The kinetic mechanism of myo1e (human myosin-IC)

Myo1e is the widely expressed subclass-1 member of the myosin-I family. We performed a kinetic analysis of a truncated myo1e that consists of the motor and the single IQ motif with a bound calmodulin. We determined the rates and equilibrium constants for the key steps in the ATPase cycle. The maximum actin activated ATPase rate (V _max) and the actin concentration at half-maximum of V _max (K _ATPase) of myo1e are similar to those of the native protein. The K _ATPase is low (∼1 μM), however the affinity of myo1e for actin in the presence of ATP is very weak.
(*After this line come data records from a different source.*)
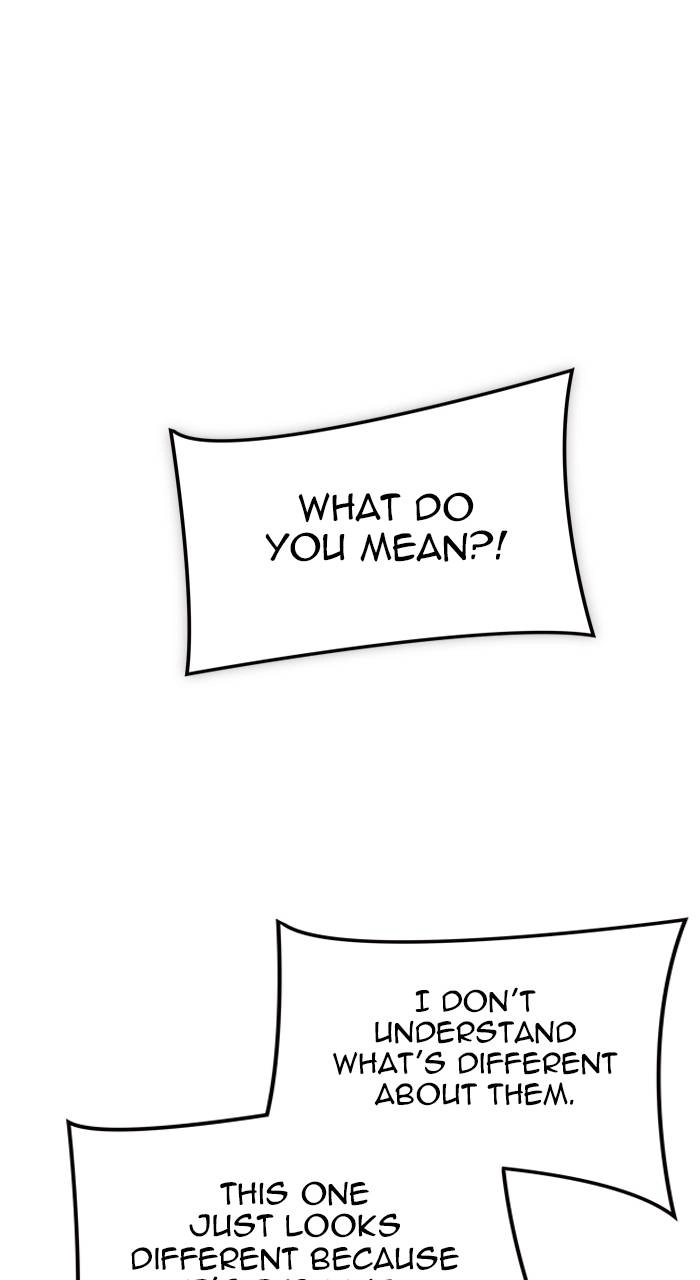 Tower of God Chapter 610 - Page 194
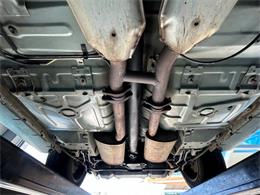 1995 Ford Mustang (CC-1907257) for sale in Bradenton, Florida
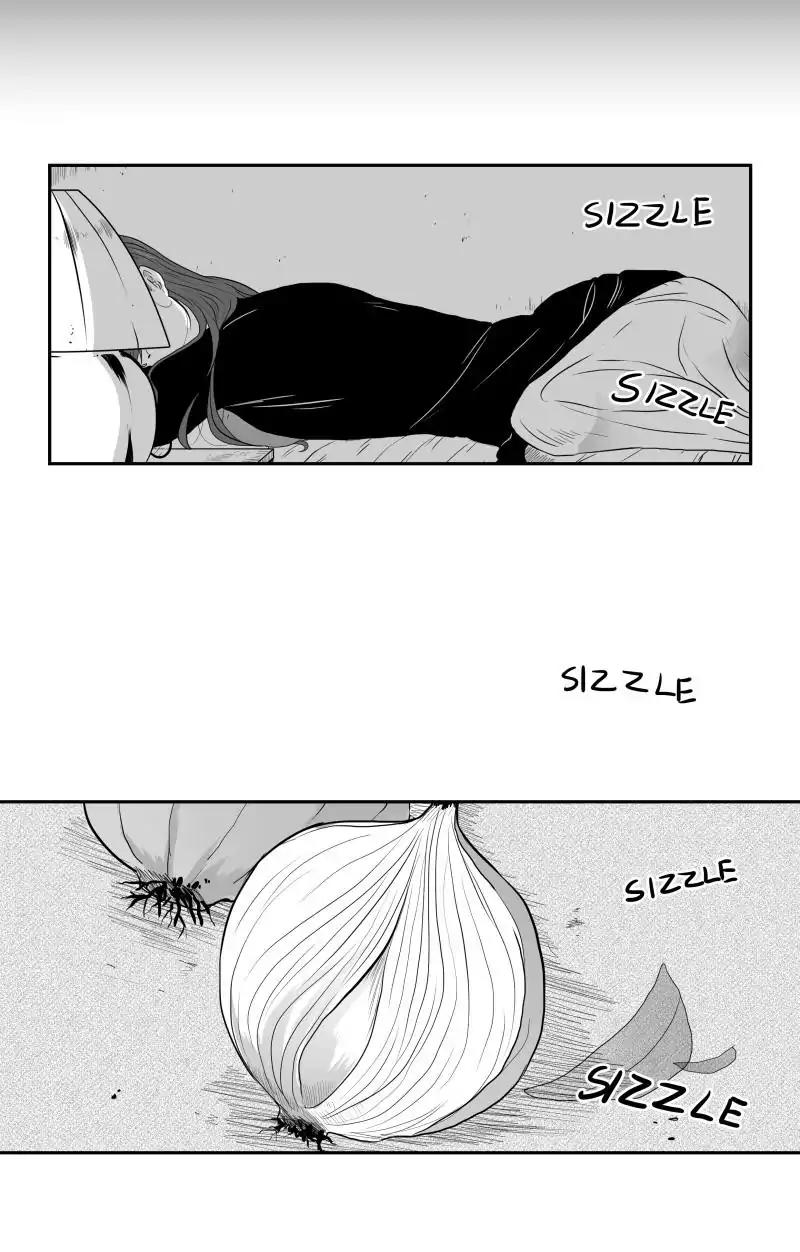 Bite Me Chapter 23 page 16 - Chapter 23: Ep.21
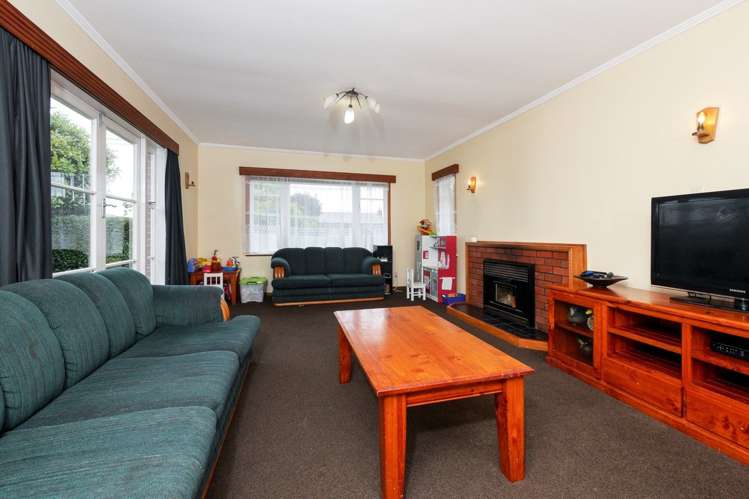 26 Russell Avenue Pukekohe_6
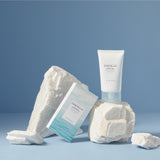 SKIN1004 Madagascar Centella HYALU-CICA Moisture Cream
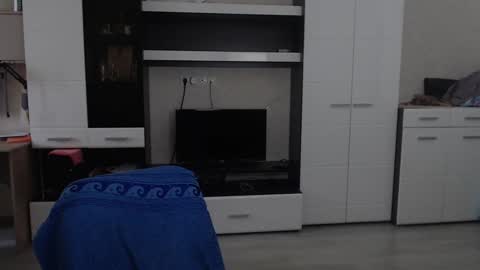 vodka online show from January 31, 8:11 am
A weak actin affinity and a rapid rate of phosphate release result in a pathway under in vitro assay conditions in which phosphate is released while myo1e is dissociated from actin. Actin activation of the ATPase activity and the low K _ATPase are the result of actin activation of ADP release. We propose that myo1e is tuned to function in regions of high concentrations of cross-linked actin filaments. Additionally, we found that ADP release from actomyo1e is > 10-fold faster than other vertebrate myosin-I isoforms. We propose that subclass-1 myosin-Is are tuned for rapid sliding, whereas subclass-2 isoforms are tuned for tension maintenance or stress sensing.